Arthur W. Burgess, Director of Law, appeared on behalf of the Township of Woodbridge (Arthur W. Burgess, attorney; Paul E. Strapp, on the brief).
Wesley L. Lance appeared on behalf of the Township of Lebanon.
David C. Paterson submitted a letter in lieu of a brief on behalf of the Township of Winslow (Maressa & Wade, attorneys).
*308 W. Cary Edwards, Jr. submitted a letter in lieu of a brief on behalf of the Township of East Hanover (Edwards & Gullo, attorneys).
Jerome Krueger, City Attorney, submitted a letter in lieu of a brief on behalf of the City of Linden.
Norman A. Doyle, Jr. submitted a letter in lieu of a brief on behalf of the Town of Kearny (Doyle & Brady, attorneys).
Renee C. Ricciardelli, Township Attorney, submitted a letter in lieu of a brief on behalf of the Township of Hamilton.
No appearance was made on behalf of respondents City of Burlington, City of Jersey City, Township of Lacey and Borough of Waldwick.
The opinion of the Court was delivered by SCHREIBER, J.

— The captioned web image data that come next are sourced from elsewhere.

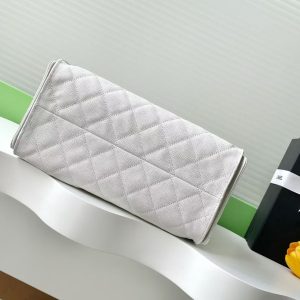 CC 25C Hobo Bag 30cm White Grained Calfskin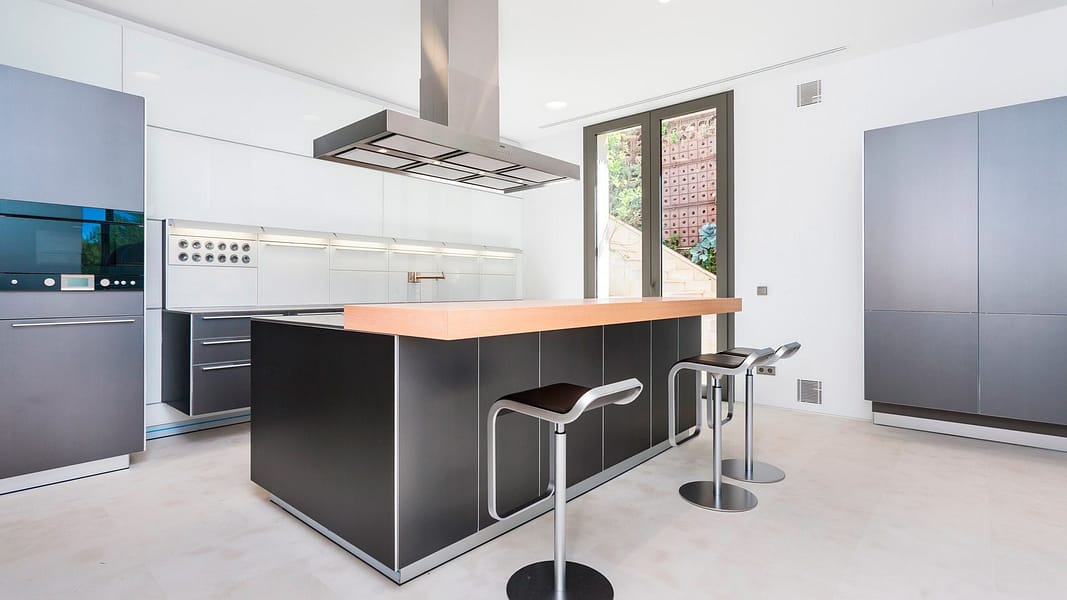 Beachfront Modern Luxury Villa with Spectacular Views in Camp de Mar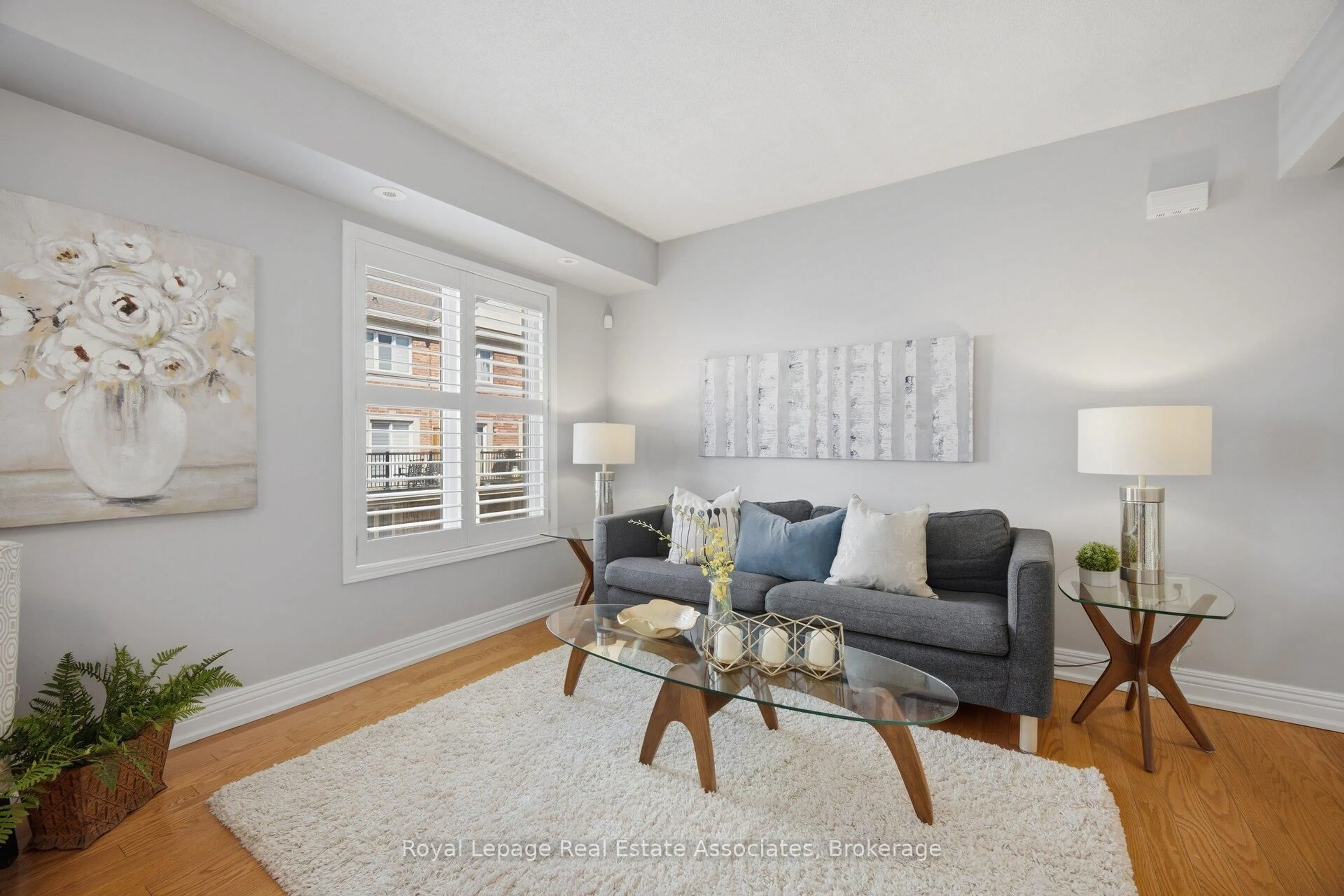 Living room with furniture, unknown for 192 Louisbourg Way, Markham Ontario L6E 0C2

Virginia McKenney, Henry Kurz and Peter Shaw filed a complaint in lieu of prerogative writ attacking the constitutionality of N.J.S.A. 54:30A-61 apportioning to municipalities proceeds of a tax imposed on gross receipts of certain public utilities.[1] The named defendants are the Governor, State Treasurer, Director of the Division of Taxation, Commissioner of the Department of Community Affairs and the Director of the Division of Local Government Services. Twenty-two municipalities were permitted to intervene, some on behalf of plaintiffs and others on behalf of defendants.

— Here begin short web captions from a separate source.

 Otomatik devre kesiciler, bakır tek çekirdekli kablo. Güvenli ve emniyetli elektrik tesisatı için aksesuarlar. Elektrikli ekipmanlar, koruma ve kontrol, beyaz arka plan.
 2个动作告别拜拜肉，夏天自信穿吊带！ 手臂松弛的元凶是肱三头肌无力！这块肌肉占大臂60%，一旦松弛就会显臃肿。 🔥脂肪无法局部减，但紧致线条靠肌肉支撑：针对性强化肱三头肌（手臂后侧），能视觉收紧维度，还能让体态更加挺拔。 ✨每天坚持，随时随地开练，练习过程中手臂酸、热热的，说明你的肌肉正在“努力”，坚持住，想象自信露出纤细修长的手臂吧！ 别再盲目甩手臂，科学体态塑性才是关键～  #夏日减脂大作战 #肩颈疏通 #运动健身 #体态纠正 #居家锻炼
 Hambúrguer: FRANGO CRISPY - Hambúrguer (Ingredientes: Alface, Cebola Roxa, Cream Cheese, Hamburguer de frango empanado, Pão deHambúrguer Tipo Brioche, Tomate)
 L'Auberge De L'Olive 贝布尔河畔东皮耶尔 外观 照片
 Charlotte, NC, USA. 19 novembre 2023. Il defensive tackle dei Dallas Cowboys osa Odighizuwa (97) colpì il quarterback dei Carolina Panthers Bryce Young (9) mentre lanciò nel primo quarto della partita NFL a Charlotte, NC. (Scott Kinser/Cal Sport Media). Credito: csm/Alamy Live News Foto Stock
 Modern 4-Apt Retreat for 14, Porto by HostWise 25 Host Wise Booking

*309 After considering cross-motions for summary judgment, the trial court held the statute constitutional and dismissed the complaint. 147 N.J. Super. 158 (Law Div. 1976). The individual plaintiffs, City of Trenton, Township of Lawrence (Mercer County), City of Salem and Borough of Woodbine appealed. The Appellate Division affirmed essentially for the reasons given by the trial court. 160 N.J. Super. 303 (App.Div. 1978). Plaintiffs then appealed as of right to this Court. R. 2:2-1(a).
The challenged provision is part of a legislative scheme, N.J.S.A. 54:30A-49 et seq., taxing principally gas, electric and water public utilities. The stated purposes of the Act are "to provide a complete scheme and method for the taxation of [the enumerated classes of public utilities] using or occupying public streets ... or other public places" and to apportion "certain of such taxes among municipalities upon the fixed standards" set forth. N.J.S.A. 54:30A-49. However, excluded from the taxing plan are land and buildings, N.J.S.A. 54:30A-50(b) and N.J.S.A. 54:30A-52, electric and gas appliances held for resale, and by-products of gas manufacture held for resale. N.J.S.A. 54:30A-52. These excluded items are to be assessed and taxed at local rates in the same manner as other comparable property. On the other hand, these public utility companies are exempt from the corporate income tax, and the sales tax on business machinery. N.J.S.A. 54:30A-51.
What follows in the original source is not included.